**Activity**
Will you output all of the data below exactly, omitting the images?

BEGIN Extracted material

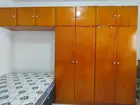 Guarda Roupa Grande de Madeira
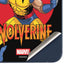 Marvel X-Men Wolverine Galaxy A35 5G Skin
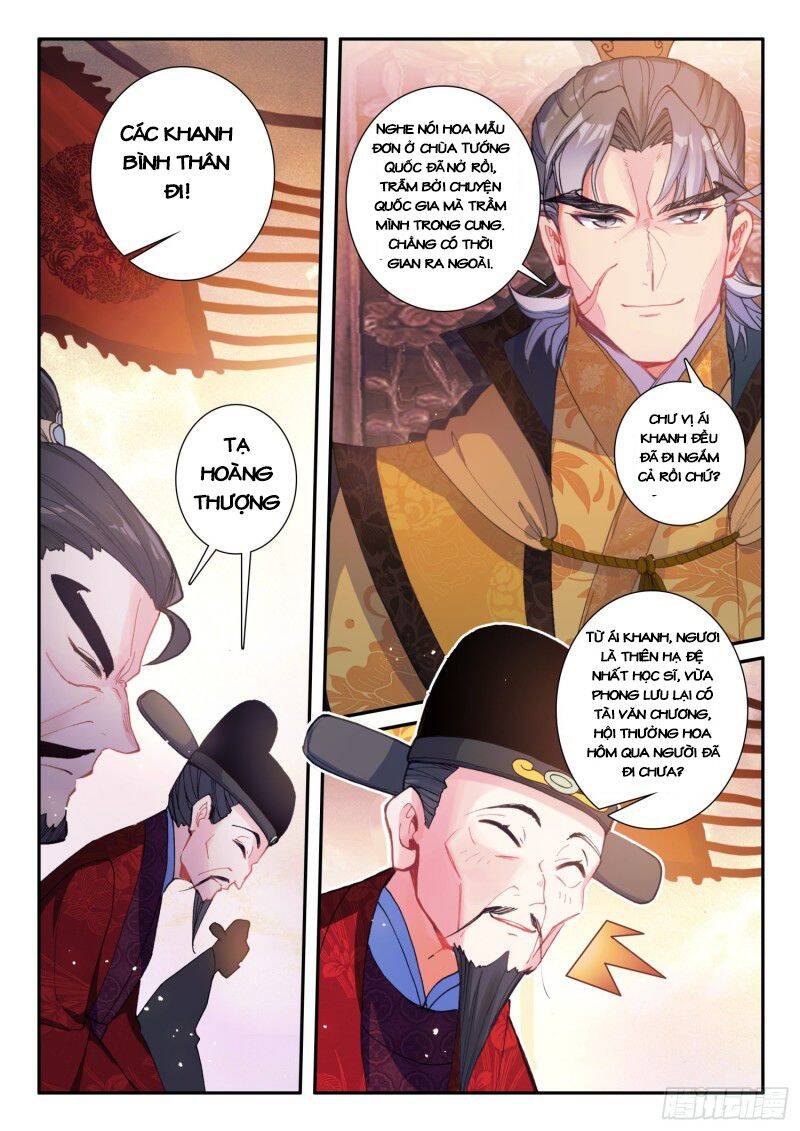 Cực Phẩm Gia Đinh Chapter 126 - 8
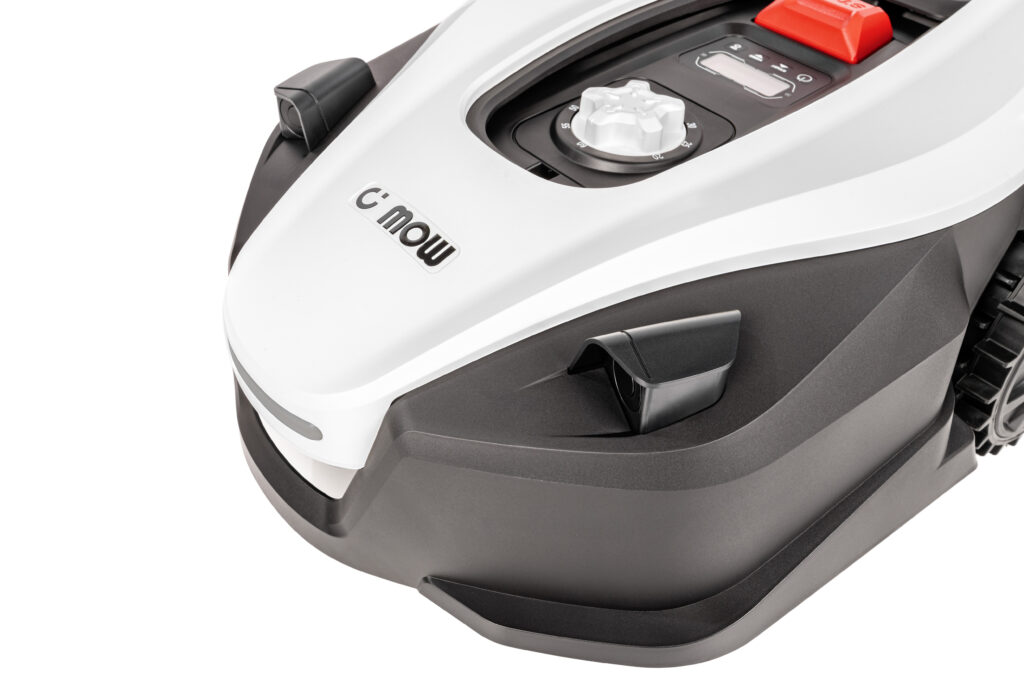 Kosiarka automatyczna Cedrus C-MOW-L16 11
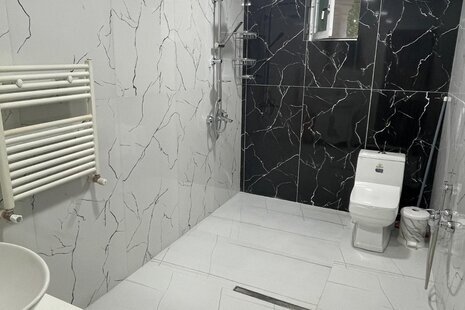 آپارتمان مبله دوخواب در کلاردشت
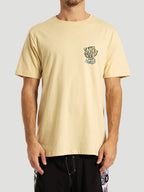 Camiseta Hurley Etam Tigre Bege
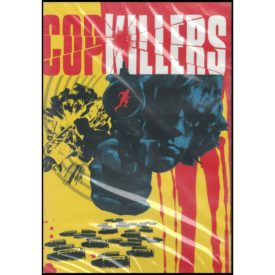 Cop Killers (DVD)
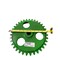 John Deere GEAR, JOHN DEERE OEM AE32870 AE32870 - alternate 9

END Extracted material

**Completed exercise**
 Guarda Roupa Grande de Madeira
 Marvel X-Men Wolverine Galaxy A35 5G Skin
 Cực Phẩm Gia Đinh Chapter 126 - 8
 Kosiarka automatyczna Cedrus C-MOW-L16 11
 آپارتمان مبله دوخواب در کلاردشت
 Camiseta Hurley Etam Tigre Bege
 Cop Killers (DVD)
 John Deere GEAR, JOHN DEERE OEM AE32870 AE32870 - alternate 9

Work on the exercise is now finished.